June 13, 2014 6:57 pm

‘My Salinger Year’, by Joanna Rakoff

Office life in the shadow of JD Salinger

My Salinger Year, by Joanna Rakoff, Bloomsbury Circus, RRP£16.99/Knopf, RRP$25.95, 272 pages

We need to talk about Jerry,” Joanna Rakoff’s boss says one lunchtime, not long after the 23-year-old Rakoff – equipped with a lovingly described, retro office wardrobe that wouldn’t be out of place on Peggy Olson in Mad Men’s early seasons – arrives at the Agency. “The Agency”, which is never referred to any other way, is a famous literary agency in New York; “Jerry” is JD Salinger; Joanna’s boss is his agent. It is 1996 but Joanna’s 1960s style is perfectly suited to an office where contacts are kept on a Rolodex, letters are typed on an IBM Selectric after they’ve been read into a Dictaphone, and if the phone rings when no one’s there, well, it just rings and rings and rings.

Joanna is the lowly assistant whose chief task, she is informed, will be to keep the Salinger obsessives at bay. Reporters and students will call, asking for his address: she is never to give it out. Honorary degrees will be offered. They are to be turned down. “Don’t tell them anything,” Joanna’s boss says. “Don’t answer their questions. Just get off the phone as quickly as possible.”

The one person Joanna knows won’t call is Salinger himself: and yet, one spring morning, she picks up the phone to hear someone shouting at the other end of the line. “HELLO? HELLO?” She hears “gibberish” – until the caller says, “It’s Jerry.” Yes, Salinger himself, and so begins her peculiar involvement with the Hermit of Cornish. She feels protective of him, curious about him, frightened of him; and then, when she finally reads his work – which she had never done until she arrived at the Agency – she feels, as so many have before, that it is not like reading at all “but more like having Salinger himself whisper his accounts into your ear”. She tells him she is a poet; his anodyne remarks (“You’re writing every day?”) have the air of a benediction.

 

Salinger fanatics will remember the mid-1990s as a momentous time – when the reclusive author nearly agreed to allow Orchises Press, a tiny publishing concern based in Alexandria, Virginia, to release an edition of Hapworth 16, 1924, a novella that had been published in The New Yorker in 1965. In the end, the edition never appeared: Roger Lathbury, who ran Orchises, applied (as any publisher would) for Library of Congress Cataloguing in Publication data; this information is public. News of the book broke; Salinger, being Salinger, got cold feet and pulled out of the deal. Joanna is somewhere in the middle of all this, talking to Jerry, talking to Roger, struggling with her boyfriend Don, a would-be writer with a chip the size of Texas on his shoulder.

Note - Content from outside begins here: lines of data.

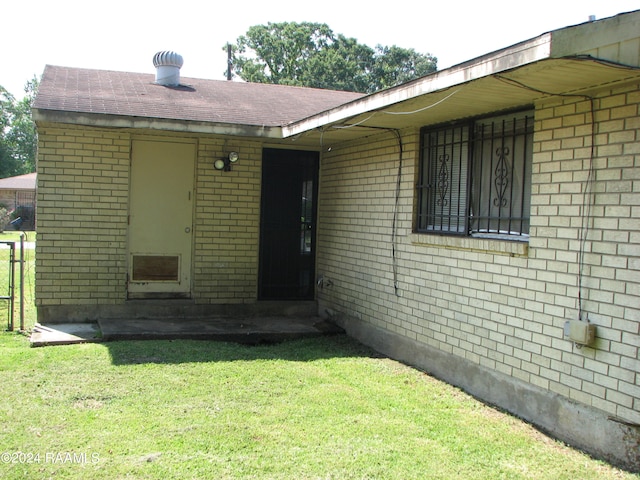 exterior space featuring a lawn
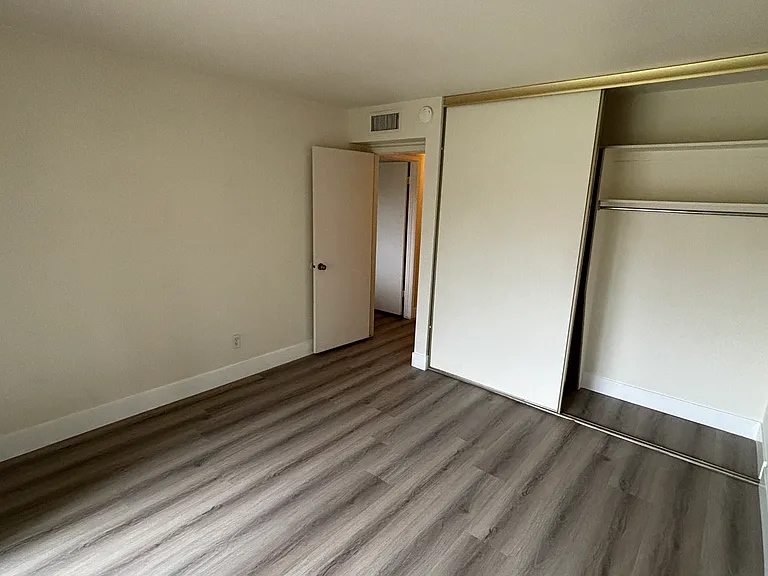 7206 N Via De Paesia — Photo 21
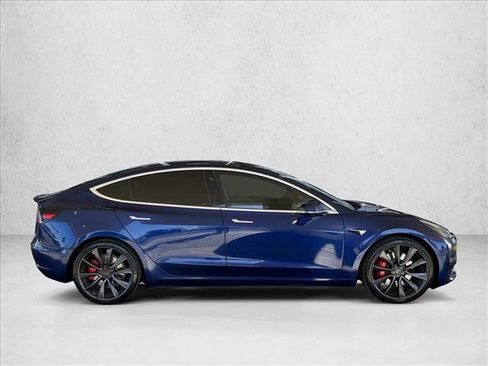 Used 2020 Tesla Model 3 Performance image 4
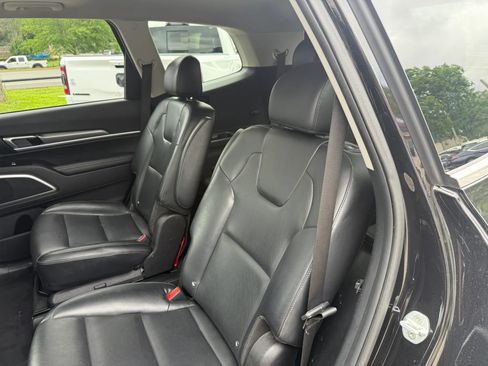 Used 2022 Kia Telluride S FWD image 12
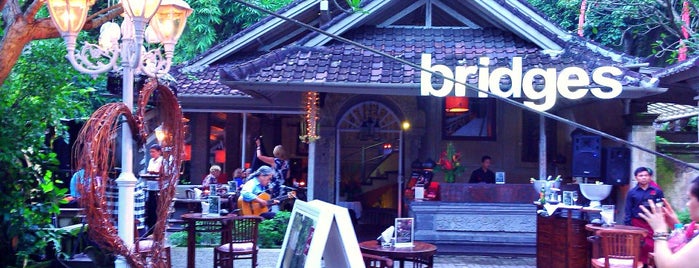 Bridges Wine Bar & Shop is one of Bali ubud.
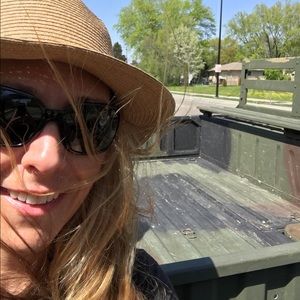 Meet your Posher, Megan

Elegantly written, wryly observed, Rakoff’s memoir is a high-quality literary snack. And yet it is a curious book. In an author’s note she tells us she has changed the names of “most, though not all, of the people”; if you don’t work on an IBM Selectric but have access to the internet, it’s not hard to discover Rakoff’s piece for Slate, written just after Salinger died, in which she names both the Agency, Harold Ober Associates, and her boss, Phyllis Westberg. Perhaps their omission here is an artistic decision but it’s hard to understand why some names are changed and not others.

‘Don’t tell them anything,’ Joanna’s boss says. ‘Just get off the phone’

Curious, too, is the hidden heart of this memoir. “It was strange to feel the force of a famous person’s attention,” Rakoff writes of Salinger; that force, I’m guessing, pulled her away from the story she, perhaps, feared to tell. On her second day at the Agency her beloved Dad calls, concerned she’s not earning enough money there; just why he’s concerned makes for a shocking revelation not long after. This became the story I wanted to hear; and yet it doesn’t surprise me that Rakoff felt she had to look away.

The last pages of this book skip to 2010, to Salinger’s death – Rakoff is married, with children, her Salinger year is long in the past. But her father is dying too; and when she weeps for Salinger, her husband wonders whether she’s thinking of her Dad. “With the back of my hand, I wiped the tears from my face and swiped my nose. ‘No,’ I said. ‘It’s just about Salinger.’ ” That’s a shame. Maybe someday Joanna Rakoff will write the story she needs to tell.